The online (real-time) system achieved a Call Error Rate (CER) of 27% with the adapted acoustic model, meaning 73% of emergency calls were correctly detected. The off-line improved system using Subspace GMM acoustic models reduced CER to 24% overall (23% for younger participants with simulators, 28% for older adults). A critical challenge was that 26% of emergency calls were filtered out before even reaching the ASR stage because the speech/non-speech discrimination module classified them as non-speech — particularly when the call for help was overlaid with noise from the fall itself (only 43.2% of noisy speech events were correctly classified as speech versus 86.3% for clean speech). Very short emergency utterances like "aïe" (ouch) or "oh là" proved particularly challenging for the language model. WER for emergency calls improved dramatically from 80.5% with the generic model to 49.3% with the adapted model, but remained high due to distant speech conditions and emotional vocal qualities.
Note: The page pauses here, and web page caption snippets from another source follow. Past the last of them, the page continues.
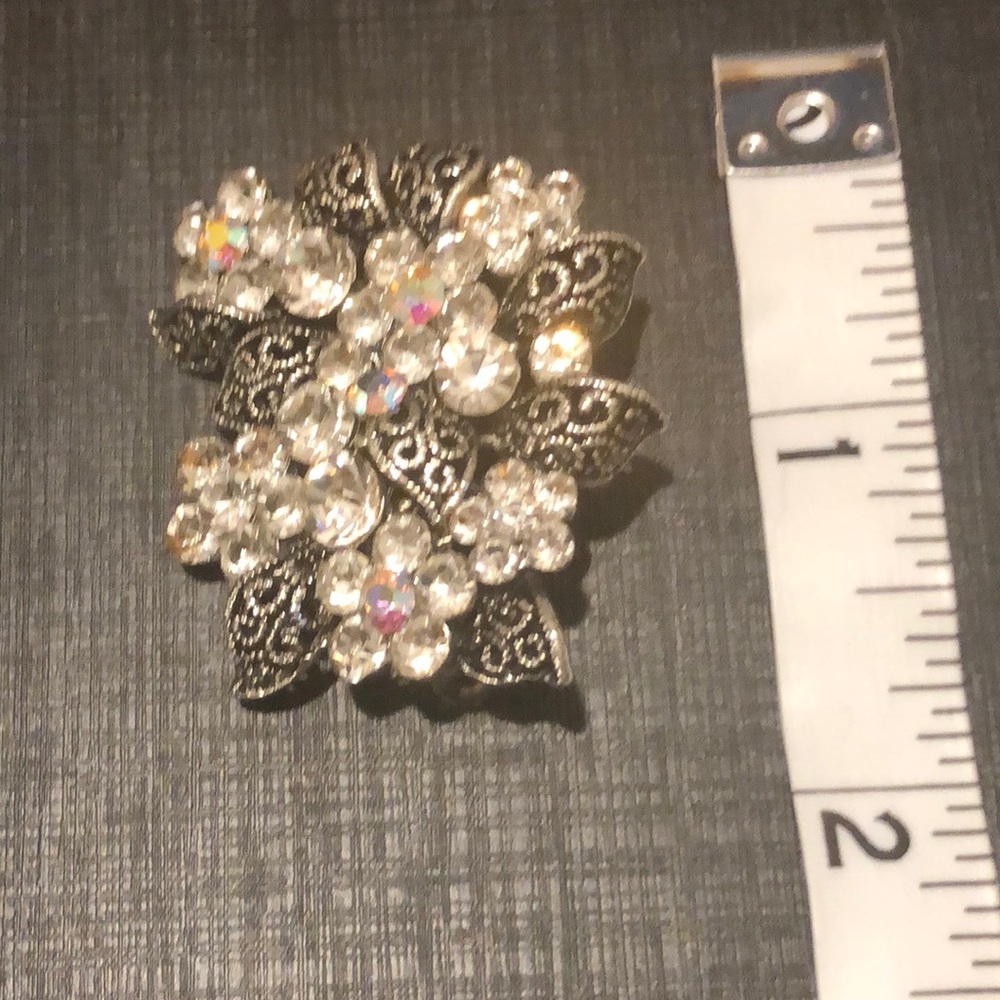 Brooch - Picture 2 of 2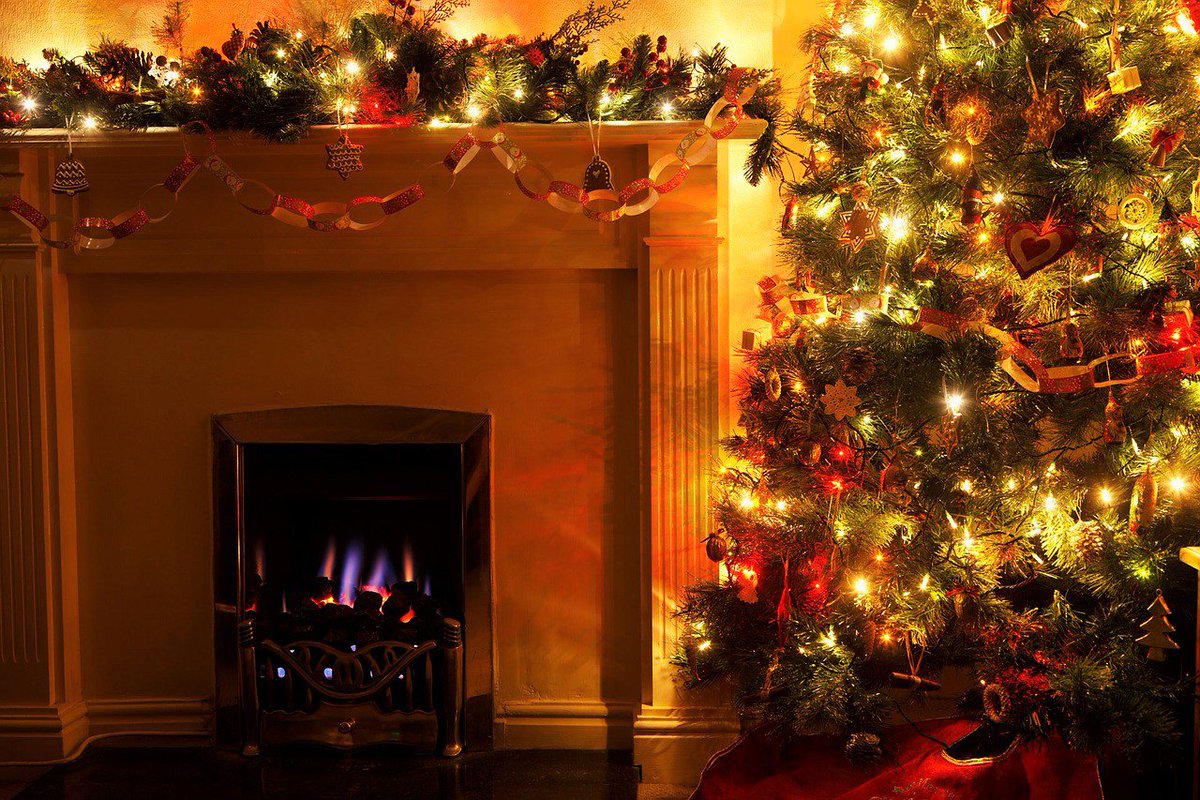 HallsPropLaw's tweet photo. Pick the right #propertyconveyancer and that #xmastree will be going up in your new home https://t.co/xUukJtoaoy https://t.co/sTD46elQWJ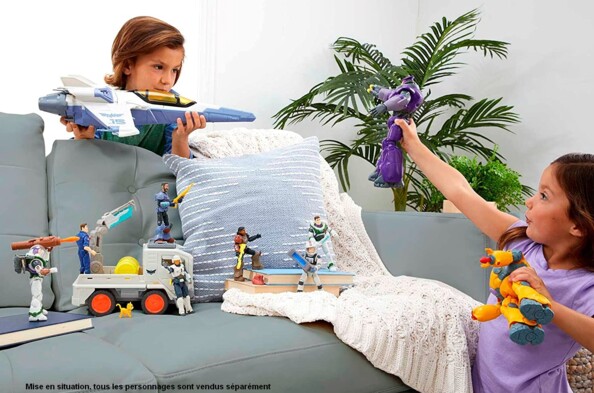 2 enfants reproduisent les mythiques combats de Buzz et ses partenaires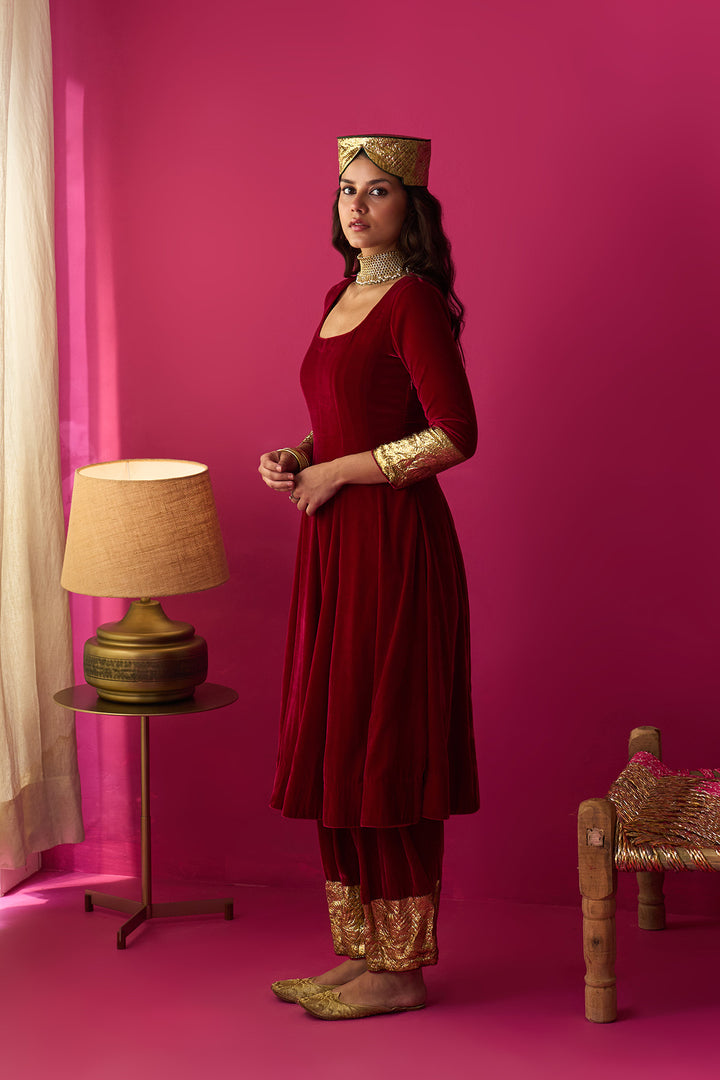 Nur pink silk velvet kurta with salwar and shawl (set of 3)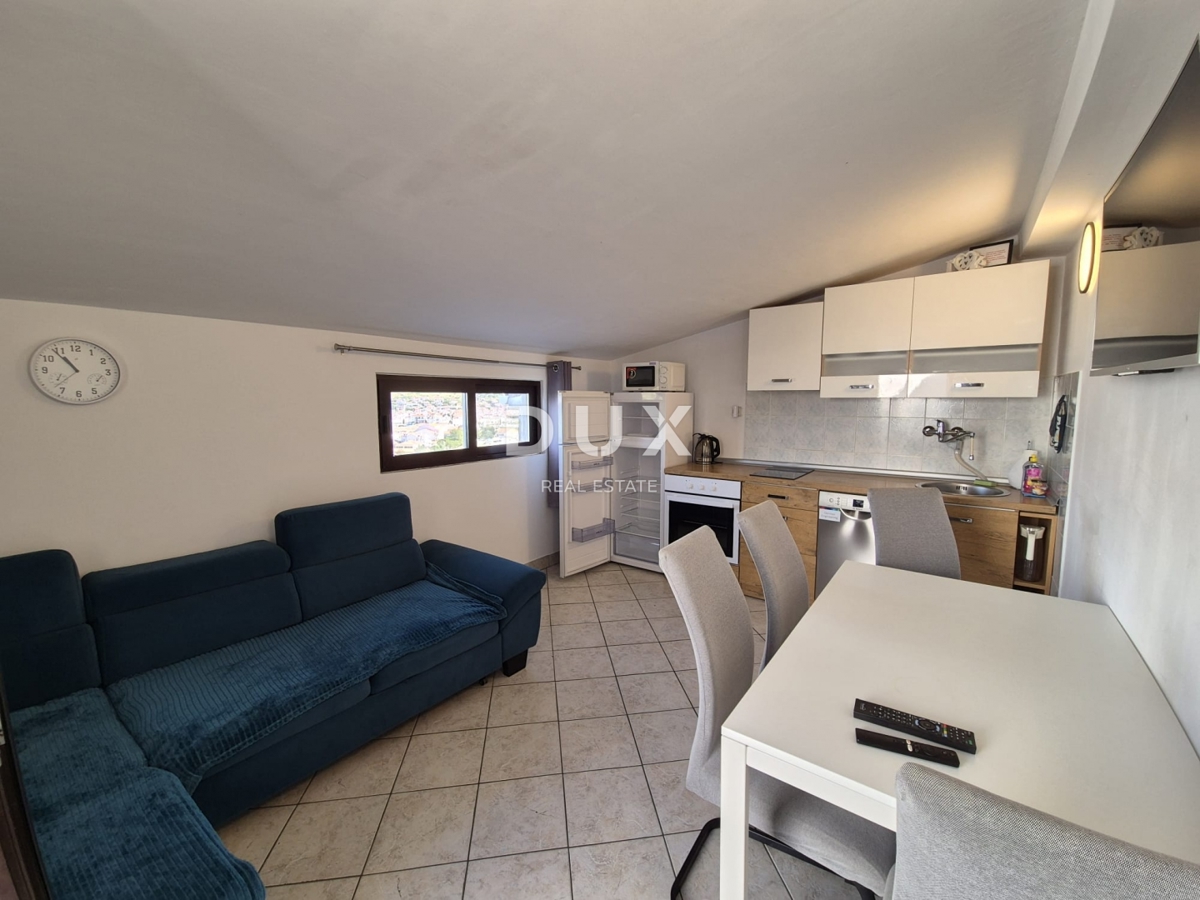 PAG, MESTO PAG - Prostorna hiša s panoramskim razgledom na morje in Velebit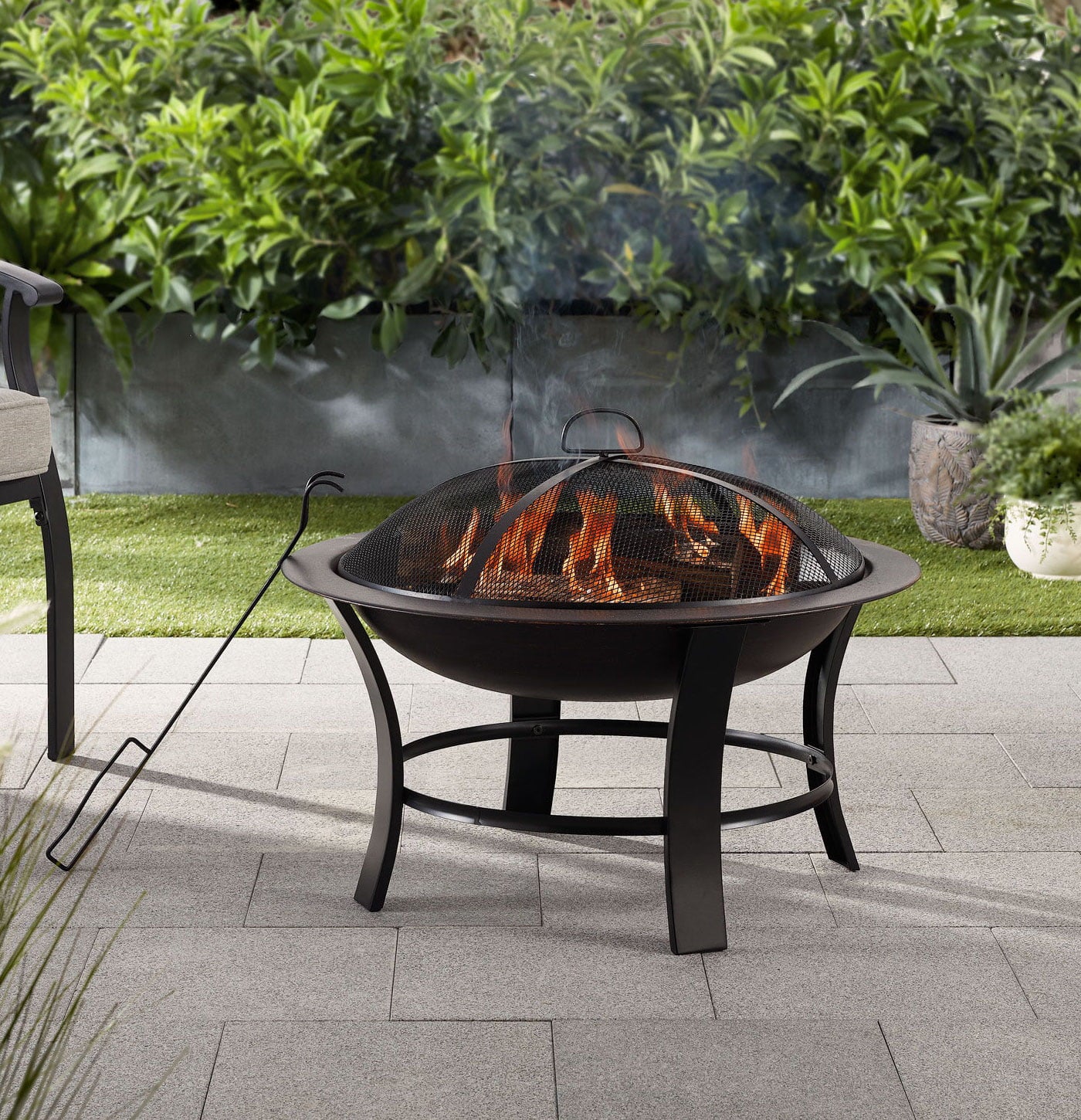 26 Metal Round Outdoor Wood-Burning Fire Pit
The false alarm rate was extremely low (0.66%), which is critical for real-world deployment — a system that frequently triggers false alarms would be quickly abandoned. The adapted acoustic model, trained using Maximum Likelihood Linear Regression with just 9 minutes of older adult speech data from the Sweet-Home corpus, produced the most significant performance gains.

Relevance

This research addresses a life-or-death accessibility problem: falls are the leading cause of dependency and a major cause of death among older adults, and "long-lies" (remaining on the floor for over an hour after a fall) dramatically increase mortality risk. Current PER technology fails precisely when it is most needed because it requires the person to be wearing a device and able to press a button. For ambient assisted living developers, the paper provides a detailed technical blueprint for voice-based emergency detection, including the critical finding that adapting acoustic models to older voices with very small amounts of data (9 minutes) yields substantial improvements. The 24% call error rate, while not yet sufficient for standalone deployment, establishes that the approach is viable and identifies specific areas for improvement — particularly noise robustness during falls and recognition of very short utterances. For the aging-in-place technology community, this work demonstrates a privacy-respecting alternative to camera-based monitoring: the system listens only for emergency calls and ignores all other speech, addressing the surveillance concerns raised elsewhere in our collection.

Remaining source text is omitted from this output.